W noc Sylwestrową często słychać huk fajerwerków. Są one szkodliwe i dla środowiska (zawierają siarkę, azotan potasu i pyły) i dla zwierząt.
- Cierpią chociażby ptaki, które przestraszone hukiem w panice wzbijają się w powietrze. Wpadają na szyby, drzewa. Część z nich ginie - mówi Daria Pilewska, starsza inspektor ds. ochrony zwierząt, mediatorka i koordynatorka Kujawsko-Pomorskiego Oddziału OTOZ Animals.
- Cierpią też inne zwierzęta. W panice uciekają. Zawsze po nocy sylwestrowej do bydgoskiego schroniska dla zwierząt trafia sporo np. psów, które uciekły wystraszone hukiem petard. Niestety nie wszyscy właściciele oznaczają swoje pociechy i nie wszyscy potem szukają ich właśnie w schronisku - dodaje.
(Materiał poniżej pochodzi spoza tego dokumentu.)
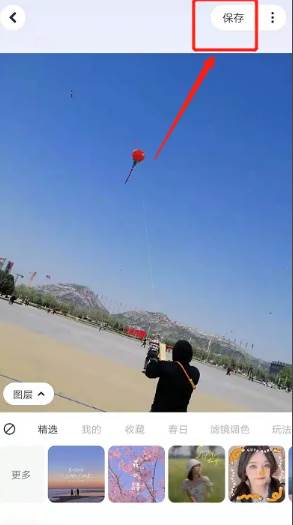 美图秀秀怎么压缩图片大小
Jak zatem uchronić zwierzęta w Sylwestra?
- Można oczywiście zrobić to farmakologicznie, chociaż o to należało zadbać już wcześniej, a nie na ostatnią chwilę. Warto swoim pociechom puszczać chociażby muzykę, by choć trochę zagłuszyć wybuchy fajerwerków - dodaje Daria Pilewska.
Bydgoszcz przyłączyła się do akcji "Kocham, nie strzelam". To m.in. dzięki niej wiele miast od kilku lat w Sylwestra nie organizuje pokazów fajerwerków. Wśród osób zachęcających do nie używania fajerwerków dołączył m.in. prezydent Bydgoszczy Rafał Bruski.